Bandcamp: Remembering Machine, by Secret Archives of the Vatican

by Pete Cogle | June 25th 2011

Having just reviewed Secret Archives of the Vatican’s, Barbary Lion album, I was thinking about their last major release and how this was a pivotal moment in the band’s direction.

Remembering Machine came out in February 2009, and was relatively hot on the heels of their June 2008 album Babylon Halt. It was, however, a completely different proposition. Whereas Babylon Halt was produced over a 10 year period, involving many members of the collective and came from the live-set period of the band, Remembering Machine was the rapid outpouring of new studio ideas over about a four month period. It’s entirely instrumental, different, and trend setting.

Beginning with “Cryptonomicon”, the new mood is set. Broken, almost DNB beats are supported by strange tonal wobbles overlaid with string orchestrations and a faintly heard lone voice.

“Stainless Steel Cat” begins with a complex broken beat overlaid with a string echo, which leads into more or the tonal wobbles that we now know are going to morph into kick-ass bass in later EPs and albums.  “Before Beauty” starts with the drum and string riffs that are the signature of the band, but this is later added to by a funky bass and eventually more string orchestrations.

“Beloved” lays down a complicated beat pattern over which a simple guitar (perhaps oud) riff is introduced and allowed to develop.  It’s simple, yet complex, all in one piece.
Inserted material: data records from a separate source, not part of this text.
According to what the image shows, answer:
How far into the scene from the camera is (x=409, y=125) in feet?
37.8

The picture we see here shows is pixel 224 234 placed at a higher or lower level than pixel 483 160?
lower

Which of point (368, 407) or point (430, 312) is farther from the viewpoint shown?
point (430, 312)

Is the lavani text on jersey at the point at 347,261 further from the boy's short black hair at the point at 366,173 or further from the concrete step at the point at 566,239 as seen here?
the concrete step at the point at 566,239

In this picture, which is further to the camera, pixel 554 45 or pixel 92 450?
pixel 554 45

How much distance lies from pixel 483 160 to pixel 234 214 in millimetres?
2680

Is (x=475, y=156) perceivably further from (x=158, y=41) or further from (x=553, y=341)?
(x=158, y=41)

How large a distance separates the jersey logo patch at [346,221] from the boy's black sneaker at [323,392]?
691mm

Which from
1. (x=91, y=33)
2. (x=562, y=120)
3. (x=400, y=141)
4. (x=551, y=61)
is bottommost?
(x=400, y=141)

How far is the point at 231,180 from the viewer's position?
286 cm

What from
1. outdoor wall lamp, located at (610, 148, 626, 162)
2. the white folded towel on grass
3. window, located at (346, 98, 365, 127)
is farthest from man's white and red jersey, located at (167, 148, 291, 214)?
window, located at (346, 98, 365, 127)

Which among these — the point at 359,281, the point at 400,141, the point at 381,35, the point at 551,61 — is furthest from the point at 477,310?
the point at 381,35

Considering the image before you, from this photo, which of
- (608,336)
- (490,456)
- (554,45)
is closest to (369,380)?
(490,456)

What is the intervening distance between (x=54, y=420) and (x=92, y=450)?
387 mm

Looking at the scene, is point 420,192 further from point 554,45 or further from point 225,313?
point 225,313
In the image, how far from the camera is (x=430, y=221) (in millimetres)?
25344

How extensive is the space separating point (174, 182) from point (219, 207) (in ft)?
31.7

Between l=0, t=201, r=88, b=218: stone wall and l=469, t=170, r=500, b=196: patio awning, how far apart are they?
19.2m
The eponymous “Remembering Machine”, like “Cryptonomicon” before it, has an almost mathematical beat structure, overlaid with strings and a subtle, jazzy organ over the top.

“Gangs Of New Earth” has a simpler, almost bhangra beat, with oud and vocal samples on top, leading on to “Overground Resistance”. Again this uses the complex, mathematical beats, over which tabla and DNB breaks are allowed to swirl around over a bass, and sitar mix.
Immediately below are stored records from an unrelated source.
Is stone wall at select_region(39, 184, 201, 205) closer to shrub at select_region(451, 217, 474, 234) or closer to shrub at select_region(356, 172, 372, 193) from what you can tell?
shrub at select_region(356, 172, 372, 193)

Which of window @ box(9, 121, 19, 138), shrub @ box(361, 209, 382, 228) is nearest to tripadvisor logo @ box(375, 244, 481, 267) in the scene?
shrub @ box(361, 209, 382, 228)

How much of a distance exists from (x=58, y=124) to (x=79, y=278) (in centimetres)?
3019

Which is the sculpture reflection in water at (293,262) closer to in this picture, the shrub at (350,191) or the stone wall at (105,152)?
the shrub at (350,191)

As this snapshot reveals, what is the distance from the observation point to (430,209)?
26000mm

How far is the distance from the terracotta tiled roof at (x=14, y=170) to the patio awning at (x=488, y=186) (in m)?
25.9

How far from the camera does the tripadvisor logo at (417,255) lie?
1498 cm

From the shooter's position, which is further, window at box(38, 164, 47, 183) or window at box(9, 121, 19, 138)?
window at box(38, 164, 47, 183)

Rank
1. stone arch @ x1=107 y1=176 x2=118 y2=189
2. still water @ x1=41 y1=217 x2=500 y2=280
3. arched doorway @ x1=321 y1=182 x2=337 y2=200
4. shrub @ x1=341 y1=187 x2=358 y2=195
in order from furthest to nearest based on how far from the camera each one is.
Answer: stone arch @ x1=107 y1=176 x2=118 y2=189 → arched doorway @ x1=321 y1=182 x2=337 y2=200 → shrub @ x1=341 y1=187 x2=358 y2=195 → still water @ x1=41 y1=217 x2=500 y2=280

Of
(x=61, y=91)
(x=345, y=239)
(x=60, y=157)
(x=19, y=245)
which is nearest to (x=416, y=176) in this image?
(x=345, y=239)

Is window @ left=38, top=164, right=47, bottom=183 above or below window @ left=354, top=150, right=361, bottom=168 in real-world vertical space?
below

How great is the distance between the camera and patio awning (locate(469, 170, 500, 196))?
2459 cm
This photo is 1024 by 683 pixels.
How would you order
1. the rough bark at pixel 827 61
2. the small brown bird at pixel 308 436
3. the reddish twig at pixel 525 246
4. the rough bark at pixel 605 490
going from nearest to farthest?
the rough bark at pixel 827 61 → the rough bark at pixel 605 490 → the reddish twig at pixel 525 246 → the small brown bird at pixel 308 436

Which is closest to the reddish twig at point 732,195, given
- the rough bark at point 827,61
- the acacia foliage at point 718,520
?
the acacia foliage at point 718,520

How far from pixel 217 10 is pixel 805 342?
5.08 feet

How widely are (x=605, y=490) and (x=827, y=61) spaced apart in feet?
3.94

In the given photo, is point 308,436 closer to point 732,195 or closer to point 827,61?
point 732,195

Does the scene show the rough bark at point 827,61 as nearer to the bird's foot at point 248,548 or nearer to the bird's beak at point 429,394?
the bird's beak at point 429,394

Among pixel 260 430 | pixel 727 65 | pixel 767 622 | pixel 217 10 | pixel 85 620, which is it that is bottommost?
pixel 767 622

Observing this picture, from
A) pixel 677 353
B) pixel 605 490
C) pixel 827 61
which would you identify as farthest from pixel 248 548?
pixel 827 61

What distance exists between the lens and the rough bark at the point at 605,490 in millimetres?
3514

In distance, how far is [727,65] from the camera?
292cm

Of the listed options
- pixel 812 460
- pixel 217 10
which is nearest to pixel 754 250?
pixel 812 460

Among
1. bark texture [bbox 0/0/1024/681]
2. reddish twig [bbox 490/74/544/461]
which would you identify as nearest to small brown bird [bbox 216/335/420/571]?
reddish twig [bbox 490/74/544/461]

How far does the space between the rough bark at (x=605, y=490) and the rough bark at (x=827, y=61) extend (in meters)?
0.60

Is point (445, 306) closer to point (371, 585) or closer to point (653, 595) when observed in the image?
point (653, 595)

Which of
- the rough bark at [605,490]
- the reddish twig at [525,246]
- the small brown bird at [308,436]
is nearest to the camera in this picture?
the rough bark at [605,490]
“Pity The Fool” has just about the simplest drum pattern on the album, giving the bass, tabla and some scratch DJ work room to move. “Dread” is the final track and is led by the bass and tabla. This time drums are less complex and it’s the keyboards that invoke the melody.

I did have problems understanding this album when it first came out. Not because the album was lacking, but because I really wasn’t ready for the change. It took me a while, but I finally got the message. Since then the band have produced numerous singles and three further EPs that have refined their musical direction and enabled the excellent Barbary Lion to be born. I’ve adapted to the change and it’s been good. I encourage you to do the same. You’ll not be disappointed.